Against the backdrop of the recent land cracking and sinking issues in Joshimath, a plea has been filed in the Supreme Court raising the failure of Centre and state governments in assessing the "carrying capacity or bearing capacity" of the ecological fragile Indian Himalayan region

New Delhi: Against the backdrop of the recent land cracking and sinking issues in Joshimath, a plea has been filed in the Supreme Court raising the failure of Centre and state governments in assessing the "carrying capacity or bearing capacity" of the ecological fragile Indian Himalayan region.

The plea claimed this region, which is spread across 13 states/Union Territories (UTs), is facing issues of unsustainable and hydrologically disastrous constructions - home stays, hotels, and commercial accommodations -- hydropower projects and unregulated tourism, which has allegedly collapsed the drainage and waste management system.

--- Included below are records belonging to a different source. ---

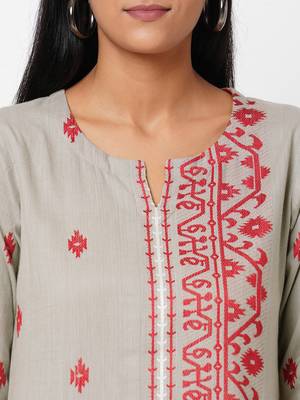 Grey woven cotton ethnic-kurtis 5
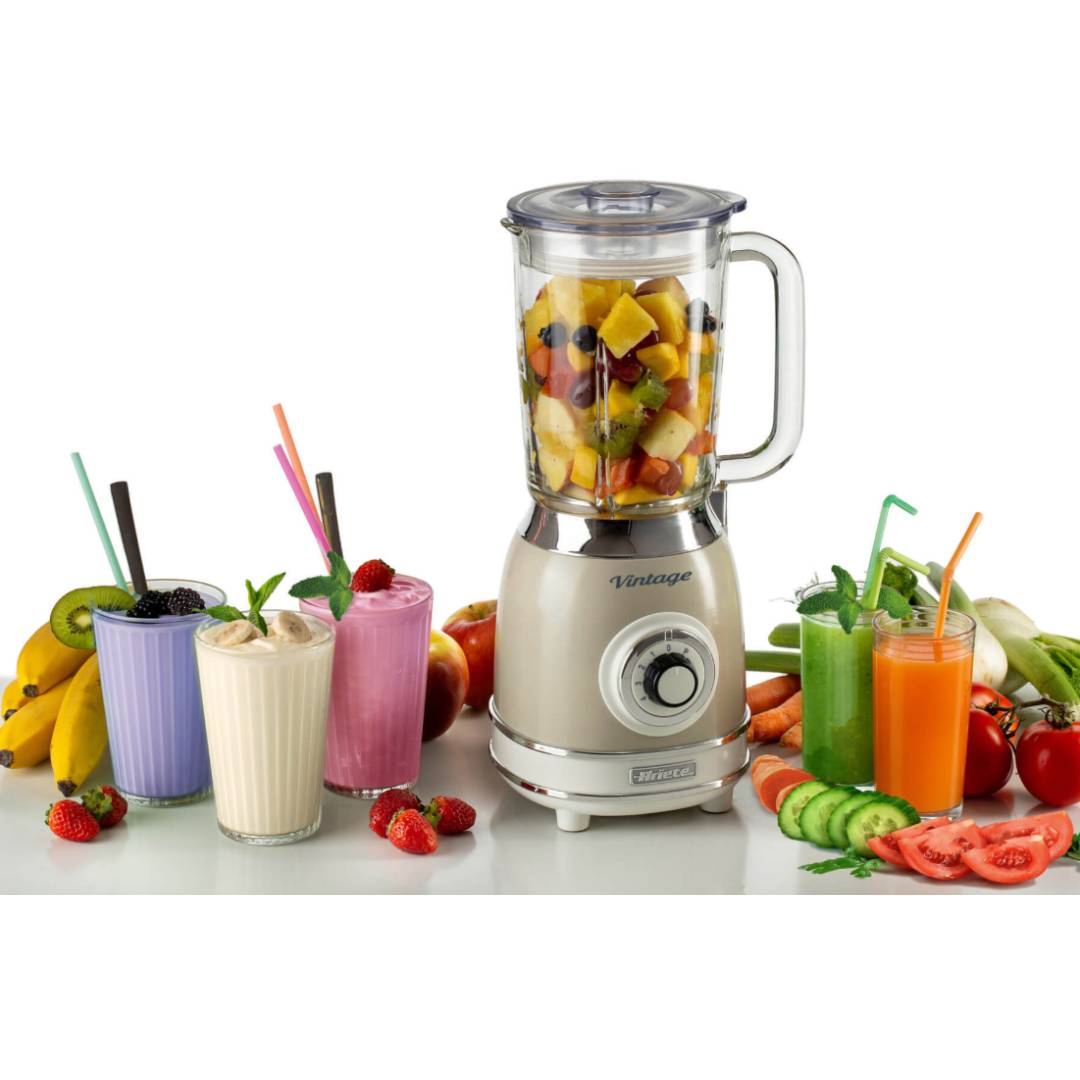 Blender cu cana din sticla, bej, Vintage, 1.5 L - ARIETE - Image 2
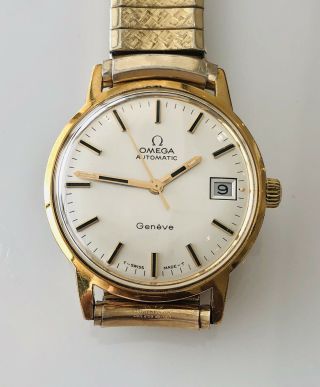 1971 Omega Geneve Auto 24j Gold Plated Ref.  166 070 Cal.  565 34mm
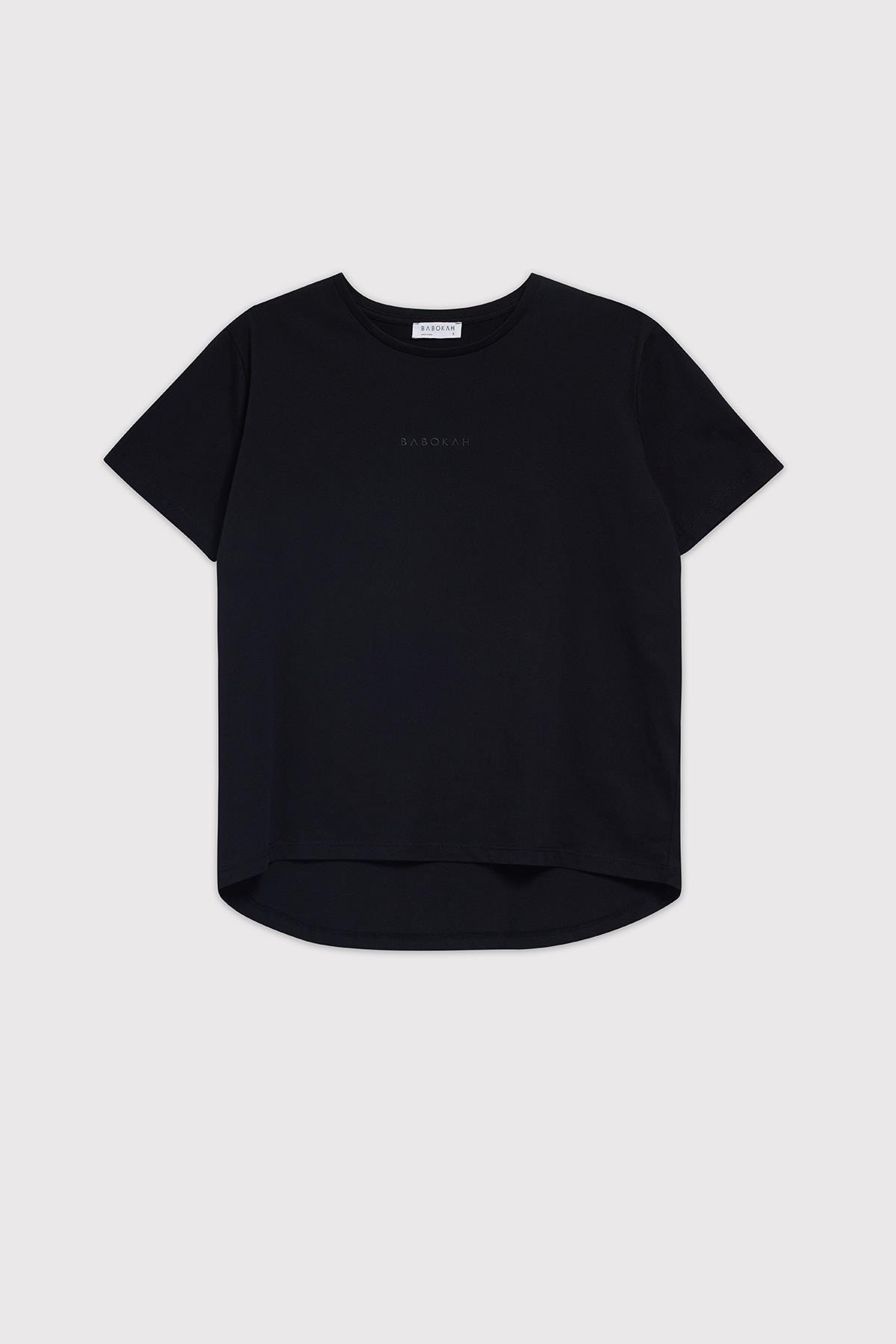 Kısa Kollu Asimetrik Kadın Tshirt - SİYAH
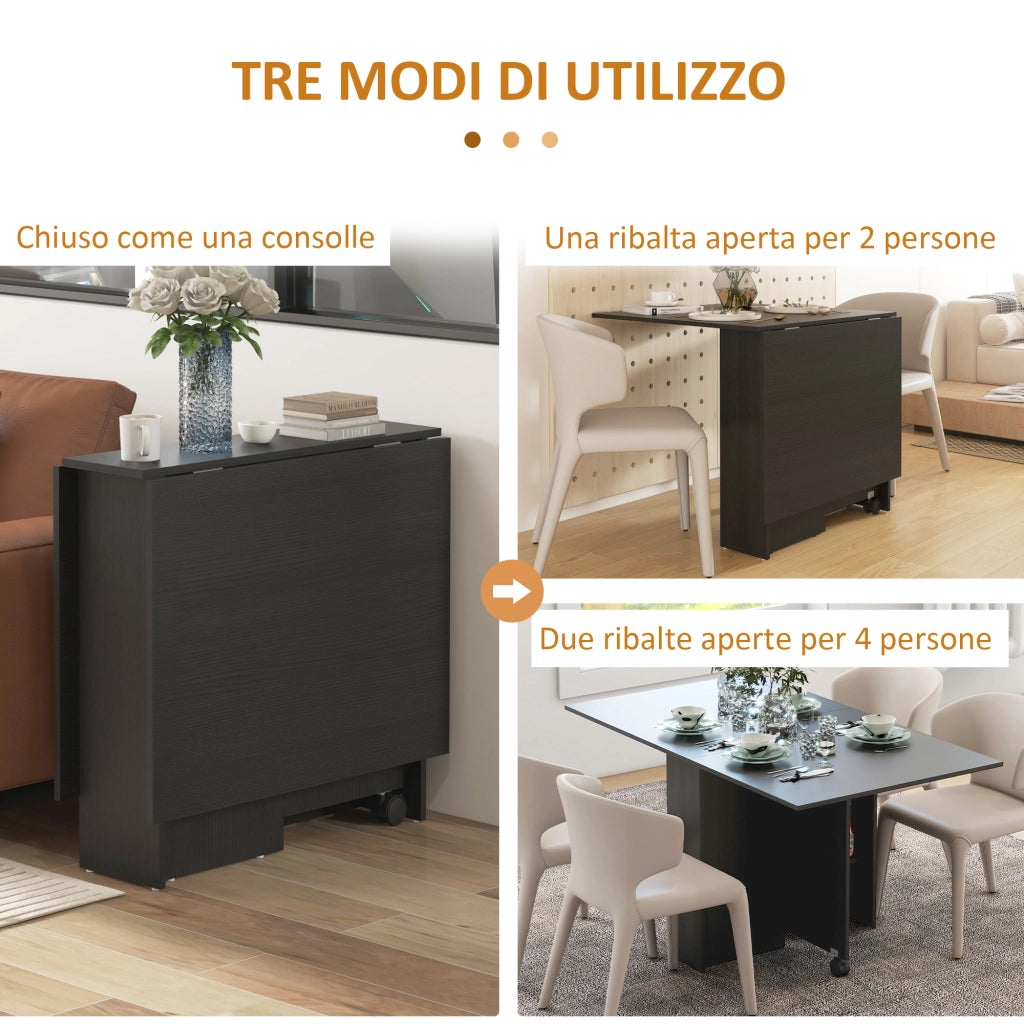 Tavolo Pieghevole per 6 Persone con Ruote ¨C Minimal ¨C Nero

The plea filed by Ashok Kumar Raghav, which was argued by advocate Akash Vashishtha before a bench headed by Chief Justice of India D.Y. Chandrachud, said the governments -- in the Indian Himalayan Region, spread across 13 states/UTs --have failed in preparing and implementing the master plans/tourism plans/lay-out/area development/zonal plans, and also failed to the "carrying capacity or bearing capacity of ecologically fragile areas," which is home to nearly 50 million people.

The region includes: Uttarakhand, Himachal Pradesh, Jammu & Kashmir, Ladakh, West Bengal, Assam, Meghalaya, Manipur, Mizoram, Sikkim, Nagaland, Tripura and Arunachal Pradesh.

The plea said, "Carrying or bearing capacity of the ecologically fragile areas, hill stations, and highly visited areas in hills is necessary as the same would inter alia determine how much can a given place bear the load of human population or human intervention and the extent of infrastructure projects could be permitted, given its geological/tectonic/seismic position, water resources available, food, habitat, air quality and other resources."

It further added that due to non-existent carrying/bearing capacity studies, grave geological hazards in the form of landslides, land subsidence, land cracking and sinking issues such as that in Joshimath and previously as flash floods/glacial bursts in Kedarnath (2013) and Chamoli (2021), are being witnessed and serious ecological and environmental depredation is taking place in the hills.